The rule to recognize an infinitive is by the termination E15 (-na) in the corresponding SYNTAX section.
V**E15 -> INF (001,inf)
Let us define now a COMPLEX section, which evaluates the combination INF FIN, infinitive and finite verb following
one after another. In the items to recognize, we focus the program to compare only the semantic section, which is
marked by ^.
# test part of speech
^ test semantic
~ test inflection
$ test the whole grammar string
/ negation
The rule can be written as this using the symbol PTO as the "preposition to" that may not be present yet:
2 >
INF /PTO
FIN ^TOI
insert_0PTO
unchanged_
2 > means: there are two items, which follow immediately (no other words may come in between).
insert_0PTO means: insert at position 0 (at the beginning) the item PTO.
unchanged_ means: leave this line unchanged.
Somewhere, the symbol PTO must be expanded to a full preposition "to", the adequte place for this is section
FUNCTIONS:
PTO PRE to
Finally, we must change positions of infinitive and finite verb in English by a SYNTAX rule to be inserted.
INF FI. -> FI. (002,001)
We can translate now the first two sentences of text-03.txt correctly.
CHAPTER 4
rules-04.txt and test-04.txt
Generating English verb tenses
So far, we considered only present and past tense because their translation is straightforward.
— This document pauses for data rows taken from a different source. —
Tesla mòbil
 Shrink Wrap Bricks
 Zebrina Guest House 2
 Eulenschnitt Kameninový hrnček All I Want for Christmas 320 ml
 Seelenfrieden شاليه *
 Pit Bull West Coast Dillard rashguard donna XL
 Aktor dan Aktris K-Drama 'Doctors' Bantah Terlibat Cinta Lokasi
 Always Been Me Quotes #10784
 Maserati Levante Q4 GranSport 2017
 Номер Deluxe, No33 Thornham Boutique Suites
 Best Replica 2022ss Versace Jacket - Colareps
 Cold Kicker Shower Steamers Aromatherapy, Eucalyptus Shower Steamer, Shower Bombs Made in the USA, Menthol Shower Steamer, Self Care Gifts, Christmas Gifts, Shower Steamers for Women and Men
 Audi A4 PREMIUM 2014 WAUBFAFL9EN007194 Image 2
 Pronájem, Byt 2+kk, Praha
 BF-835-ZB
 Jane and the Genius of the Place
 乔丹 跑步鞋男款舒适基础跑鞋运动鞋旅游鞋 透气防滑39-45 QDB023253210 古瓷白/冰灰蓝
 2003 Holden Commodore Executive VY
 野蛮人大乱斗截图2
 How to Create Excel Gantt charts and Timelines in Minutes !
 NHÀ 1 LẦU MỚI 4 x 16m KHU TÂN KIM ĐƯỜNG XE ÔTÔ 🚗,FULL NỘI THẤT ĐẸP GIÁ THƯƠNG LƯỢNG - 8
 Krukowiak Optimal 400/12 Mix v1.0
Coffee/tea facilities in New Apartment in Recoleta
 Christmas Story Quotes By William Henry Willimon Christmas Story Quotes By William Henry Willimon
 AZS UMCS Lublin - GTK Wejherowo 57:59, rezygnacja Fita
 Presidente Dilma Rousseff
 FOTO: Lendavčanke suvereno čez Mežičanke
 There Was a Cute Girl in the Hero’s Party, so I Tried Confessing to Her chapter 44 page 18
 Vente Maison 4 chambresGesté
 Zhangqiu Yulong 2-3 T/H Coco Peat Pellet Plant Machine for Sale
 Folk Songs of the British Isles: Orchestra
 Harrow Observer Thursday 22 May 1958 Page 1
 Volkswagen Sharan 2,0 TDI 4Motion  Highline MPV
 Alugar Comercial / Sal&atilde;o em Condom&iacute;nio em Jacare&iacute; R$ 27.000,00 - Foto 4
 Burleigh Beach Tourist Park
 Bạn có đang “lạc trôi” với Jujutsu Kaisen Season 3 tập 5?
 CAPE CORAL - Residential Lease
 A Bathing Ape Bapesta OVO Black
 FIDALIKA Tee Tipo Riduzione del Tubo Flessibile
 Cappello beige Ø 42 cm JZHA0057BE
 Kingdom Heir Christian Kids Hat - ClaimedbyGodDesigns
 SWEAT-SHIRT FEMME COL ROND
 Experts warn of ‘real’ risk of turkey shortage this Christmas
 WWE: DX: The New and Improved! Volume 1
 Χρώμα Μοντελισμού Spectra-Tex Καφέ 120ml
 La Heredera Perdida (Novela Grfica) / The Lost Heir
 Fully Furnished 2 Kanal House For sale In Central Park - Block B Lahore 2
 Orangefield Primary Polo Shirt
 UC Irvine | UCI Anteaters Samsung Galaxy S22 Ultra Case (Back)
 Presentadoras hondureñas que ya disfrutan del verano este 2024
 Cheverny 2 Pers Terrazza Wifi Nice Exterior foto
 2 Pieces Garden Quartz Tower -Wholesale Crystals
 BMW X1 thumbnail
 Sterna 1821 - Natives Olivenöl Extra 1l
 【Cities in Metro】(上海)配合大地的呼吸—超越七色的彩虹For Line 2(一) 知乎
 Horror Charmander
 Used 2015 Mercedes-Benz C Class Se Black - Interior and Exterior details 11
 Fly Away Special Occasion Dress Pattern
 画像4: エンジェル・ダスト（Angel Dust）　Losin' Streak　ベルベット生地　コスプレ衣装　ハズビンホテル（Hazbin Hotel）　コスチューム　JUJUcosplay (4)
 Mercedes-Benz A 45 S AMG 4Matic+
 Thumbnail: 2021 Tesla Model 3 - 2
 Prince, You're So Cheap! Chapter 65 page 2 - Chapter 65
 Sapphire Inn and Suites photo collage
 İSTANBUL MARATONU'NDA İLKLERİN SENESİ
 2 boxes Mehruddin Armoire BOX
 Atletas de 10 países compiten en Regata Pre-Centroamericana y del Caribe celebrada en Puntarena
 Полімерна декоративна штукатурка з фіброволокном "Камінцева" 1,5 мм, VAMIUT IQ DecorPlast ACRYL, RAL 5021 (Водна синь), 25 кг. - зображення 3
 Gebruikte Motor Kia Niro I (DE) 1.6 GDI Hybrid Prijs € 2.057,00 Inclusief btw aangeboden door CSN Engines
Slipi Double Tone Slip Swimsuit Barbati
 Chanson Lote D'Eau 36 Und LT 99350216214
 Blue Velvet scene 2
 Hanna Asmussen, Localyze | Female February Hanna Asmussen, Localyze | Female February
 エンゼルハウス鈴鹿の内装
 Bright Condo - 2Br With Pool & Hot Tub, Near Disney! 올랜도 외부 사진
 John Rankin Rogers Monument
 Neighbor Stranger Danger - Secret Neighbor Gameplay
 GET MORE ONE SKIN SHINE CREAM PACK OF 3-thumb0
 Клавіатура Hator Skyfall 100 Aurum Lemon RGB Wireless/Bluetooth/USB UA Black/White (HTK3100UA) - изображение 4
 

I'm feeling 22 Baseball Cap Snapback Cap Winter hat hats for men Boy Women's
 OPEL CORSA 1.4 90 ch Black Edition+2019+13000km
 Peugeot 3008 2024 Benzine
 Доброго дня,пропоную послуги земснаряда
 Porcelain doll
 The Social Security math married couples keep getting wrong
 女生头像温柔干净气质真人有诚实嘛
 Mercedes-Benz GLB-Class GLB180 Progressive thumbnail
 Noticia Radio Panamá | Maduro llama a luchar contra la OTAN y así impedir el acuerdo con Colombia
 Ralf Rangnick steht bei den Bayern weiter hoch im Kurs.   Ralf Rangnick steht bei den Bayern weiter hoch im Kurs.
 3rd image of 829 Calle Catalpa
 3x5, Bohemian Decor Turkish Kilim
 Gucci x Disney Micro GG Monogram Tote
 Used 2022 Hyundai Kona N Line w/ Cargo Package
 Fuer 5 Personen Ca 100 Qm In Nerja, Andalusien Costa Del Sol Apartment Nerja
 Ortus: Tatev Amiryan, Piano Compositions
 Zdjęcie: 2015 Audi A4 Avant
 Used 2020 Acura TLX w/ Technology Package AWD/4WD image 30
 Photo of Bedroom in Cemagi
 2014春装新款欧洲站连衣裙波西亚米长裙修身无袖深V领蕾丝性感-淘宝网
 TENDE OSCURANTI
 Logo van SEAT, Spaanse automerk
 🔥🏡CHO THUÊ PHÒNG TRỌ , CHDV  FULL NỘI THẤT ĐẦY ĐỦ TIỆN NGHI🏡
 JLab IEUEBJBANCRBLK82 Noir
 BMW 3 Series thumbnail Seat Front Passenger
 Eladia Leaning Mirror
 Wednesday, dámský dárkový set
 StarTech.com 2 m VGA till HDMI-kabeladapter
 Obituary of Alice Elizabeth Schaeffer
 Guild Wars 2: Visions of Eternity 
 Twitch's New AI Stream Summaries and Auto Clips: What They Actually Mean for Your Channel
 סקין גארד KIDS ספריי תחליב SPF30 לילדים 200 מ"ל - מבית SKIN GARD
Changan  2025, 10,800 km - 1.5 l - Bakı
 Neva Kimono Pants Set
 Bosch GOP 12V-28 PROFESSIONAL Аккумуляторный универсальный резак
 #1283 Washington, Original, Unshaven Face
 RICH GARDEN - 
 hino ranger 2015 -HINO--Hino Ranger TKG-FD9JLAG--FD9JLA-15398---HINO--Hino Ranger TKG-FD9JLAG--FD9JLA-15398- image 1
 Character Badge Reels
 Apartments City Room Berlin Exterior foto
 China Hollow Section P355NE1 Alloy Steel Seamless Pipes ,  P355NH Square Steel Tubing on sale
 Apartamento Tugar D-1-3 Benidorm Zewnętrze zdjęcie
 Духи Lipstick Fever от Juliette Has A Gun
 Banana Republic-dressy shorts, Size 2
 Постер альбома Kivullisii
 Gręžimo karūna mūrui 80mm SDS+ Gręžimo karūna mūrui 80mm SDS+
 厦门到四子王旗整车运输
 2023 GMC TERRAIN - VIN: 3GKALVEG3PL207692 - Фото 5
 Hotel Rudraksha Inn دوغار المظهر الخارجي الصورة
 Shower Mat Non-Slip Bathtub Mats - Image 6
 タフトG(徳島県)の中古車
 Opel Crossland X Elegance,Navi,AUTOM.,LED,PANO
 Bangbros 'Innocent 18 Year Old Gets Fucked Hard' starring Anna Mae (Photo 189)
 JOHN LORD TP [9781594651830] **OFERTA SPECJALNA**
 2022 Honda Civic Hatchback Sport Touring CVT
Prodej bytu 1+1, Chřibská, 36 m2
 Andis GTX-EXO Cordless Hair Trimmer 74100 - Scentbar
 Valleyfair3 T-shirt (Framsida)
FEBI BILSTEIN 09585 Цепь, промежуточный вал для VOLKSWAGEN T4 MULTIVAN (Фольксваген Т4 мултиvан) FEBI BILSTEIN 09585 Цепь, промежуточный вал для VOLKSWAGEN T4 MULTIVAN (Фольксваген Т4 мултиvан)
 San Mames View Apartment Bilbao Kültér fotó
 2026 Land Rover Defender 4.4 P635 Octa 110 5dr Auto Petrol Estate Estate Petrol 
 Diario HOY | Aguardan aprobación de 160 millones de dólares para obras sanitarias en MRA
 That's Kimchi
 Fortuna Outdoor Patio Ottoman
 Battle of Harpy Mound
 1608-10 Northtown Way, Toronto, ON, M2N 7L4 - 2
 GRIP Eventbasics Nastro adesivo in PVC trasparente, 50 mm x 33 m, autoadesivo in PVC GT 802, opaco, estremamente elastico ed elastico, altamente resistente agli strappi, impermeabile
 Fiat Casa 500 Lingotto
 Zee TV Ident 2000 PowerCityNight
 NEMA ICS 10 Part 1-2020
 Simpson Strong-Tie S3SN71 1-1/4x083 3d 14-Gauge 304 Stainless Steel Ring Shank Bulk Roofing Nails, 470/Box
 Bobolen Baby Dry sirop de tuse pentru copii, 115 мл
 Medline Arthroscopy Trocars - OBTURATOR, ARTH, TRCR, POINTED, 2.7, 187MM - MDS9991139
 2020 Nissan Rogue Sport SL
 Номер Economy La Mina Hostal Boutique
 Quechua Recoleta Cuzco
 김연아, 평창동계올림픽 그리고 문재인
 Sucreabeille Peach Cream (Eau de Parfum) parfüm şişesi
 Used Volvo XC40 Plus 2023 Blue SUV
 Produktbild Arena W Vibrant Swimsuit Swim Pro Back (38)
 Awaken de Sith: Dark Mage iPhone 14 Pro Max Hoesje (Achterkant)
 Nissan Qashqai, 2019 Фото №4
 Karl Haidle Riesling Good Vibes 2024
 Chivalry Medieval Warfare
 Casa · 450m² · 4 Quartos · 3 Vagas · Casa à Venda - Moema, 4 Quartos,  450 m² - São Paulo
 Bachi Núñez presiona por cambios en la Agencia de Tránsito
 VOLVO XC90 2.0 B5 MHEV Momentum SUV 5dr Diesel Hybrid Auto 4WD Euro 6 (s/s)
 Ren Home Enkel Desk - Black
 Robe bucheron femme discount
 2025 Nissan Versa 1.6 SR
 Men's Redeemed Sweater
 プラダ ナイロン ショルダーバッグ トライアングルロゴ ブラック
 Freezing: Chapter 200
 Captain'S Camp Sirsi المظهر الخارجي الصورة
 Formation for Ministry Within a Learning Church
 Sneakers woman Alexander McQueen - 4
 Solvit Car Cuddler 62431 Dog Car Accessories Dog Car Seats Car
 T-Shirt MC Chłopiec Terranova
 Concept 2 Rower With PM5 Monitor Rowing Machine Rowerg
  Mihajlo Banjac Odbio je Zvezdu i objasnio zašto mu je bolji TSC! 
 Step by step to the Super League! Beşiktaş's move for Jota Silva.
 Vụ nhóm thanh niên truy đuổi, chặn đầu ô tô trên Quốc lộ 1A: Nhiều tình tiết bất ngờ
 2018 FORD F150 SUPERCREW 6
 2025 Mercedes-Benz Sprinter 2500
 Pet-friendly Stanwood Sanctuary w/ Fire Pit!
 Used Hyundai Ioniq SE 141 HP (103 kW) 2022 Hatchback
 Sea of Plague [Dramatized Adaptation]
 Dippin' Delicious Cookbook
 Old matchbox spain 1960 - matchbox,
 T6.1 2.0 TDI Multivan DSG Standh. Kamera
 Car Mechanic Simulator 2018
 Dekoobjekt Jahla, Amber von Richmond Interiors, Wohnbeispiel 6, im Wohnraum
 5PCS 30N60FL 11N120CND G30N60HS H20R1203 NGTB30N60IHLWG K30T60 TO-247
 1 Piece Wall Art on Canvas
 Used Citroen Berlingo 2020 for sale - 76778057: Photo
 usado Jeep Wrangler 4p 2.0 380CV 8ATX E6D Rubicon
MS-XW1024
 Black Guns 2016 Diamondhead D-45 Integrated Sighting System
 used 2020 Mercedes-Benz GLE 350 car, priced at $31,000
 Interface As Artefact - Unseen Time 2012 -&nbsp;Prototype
Looking at the
future tense, we will see that we must generate an auxiliary verb in English. Here are all tenses of the verb
"riku":
rikun see
rikurqan saw
rikunqan will see
rikuptin would see
rikusti seeing
rikusqa seen
rikuy see!
rikuna to see
To translate the future and conditional tense, all we have to do is to insert an auxiliary in the right place, that
is at the end of the verb phrase because the normal order of constituents is infinitive-finite verb.
VERE11 -> INFFIV (001,inf+WIL)
VERE13 -> INFFIV (001,inf+WLD)
Now, you can translate the example phrases in test-04.txt. The result will be:
Nilix translator 1.6 (2013/08/07 10:45:46)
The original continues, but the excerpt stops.